Officers and agents from more than 20 different local, state and federal law enforcement agencies were in town for the conference that was put on by District Attorney Michael Jackson’s office, the U.S. Attorney’s Office, the Selma Police Department and the F.B.I.
Tommy Loftis, public affairs specialist and law enforcement liaison with the F.B.I., said the conference is a way for agencies to make sure everyone is on the same page.
“It’s just an opportunity for the federal partners to kind of reach out and make sure that our state and local partners know exactly what’s going on and what the priorities are now and what’s changing,” he said.
The training was Alabama Peace Officers Standards and Training Commission certified for continuing education units as well as executive level training. Loftis said officers trained on a variety of topics over the last two days.
“We’ve done some gang training, we’ve done courtroom testimony type training for law enforcement here, we had ATF come in and do a presentation for cataloguing their firearms casings and ballistics,” he said.
Training also included presentations from the DEA about pill mills as well as the U.S. Border Patrol.
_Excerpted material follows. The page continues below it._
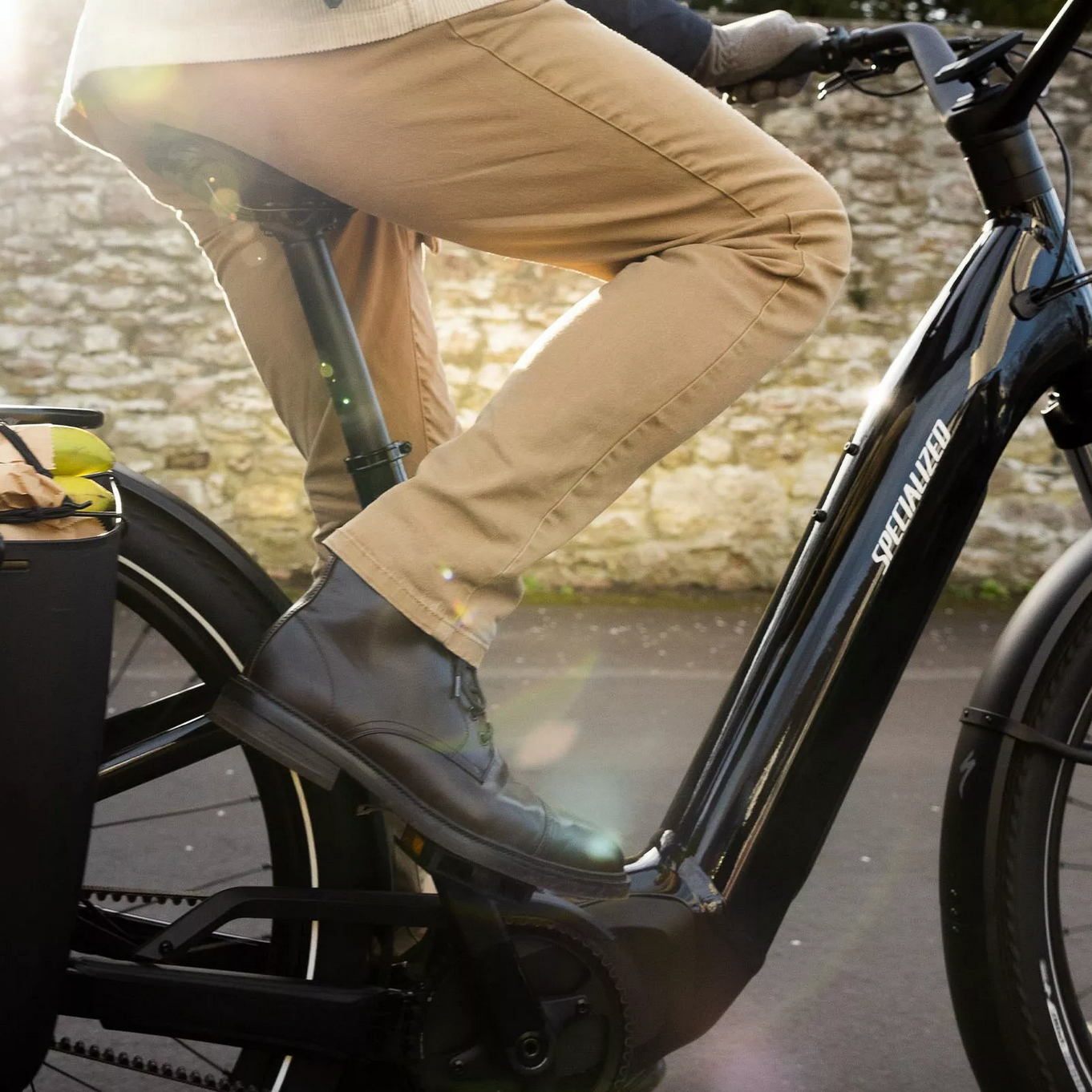 Person riding a black Specialized electric bike with a basket against a stone wall background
While the conference is a good way for officers to stay up to date, it is also a way for them to build and maintain relationships with other local, state and federal agencies.
“You get a chance to hook with each other, and if you don’t know each other you get a chance to make contact with each other, and then when you need them, you can call on them,” said Larry Colston, commander of the Fourth Judicial Circuit Drug Task Force. “I might need help in an area, or they might need help. It works out really good. Everybody gets a chance to meet each other and know each other and out a face with the name.”
Loftis said it also lets state and local agencies know about the help they can get from federal agencies.
“The takeaway is the accessibility, and if you don’t take advantage of that, then that’s on you,” Loftis said. “As a local and state police officer, if you’re struggling with a resource issue and you don’t take away all the phone numbers you’ve been given here and all the personal relationships that you can build, then that’s a you issue.”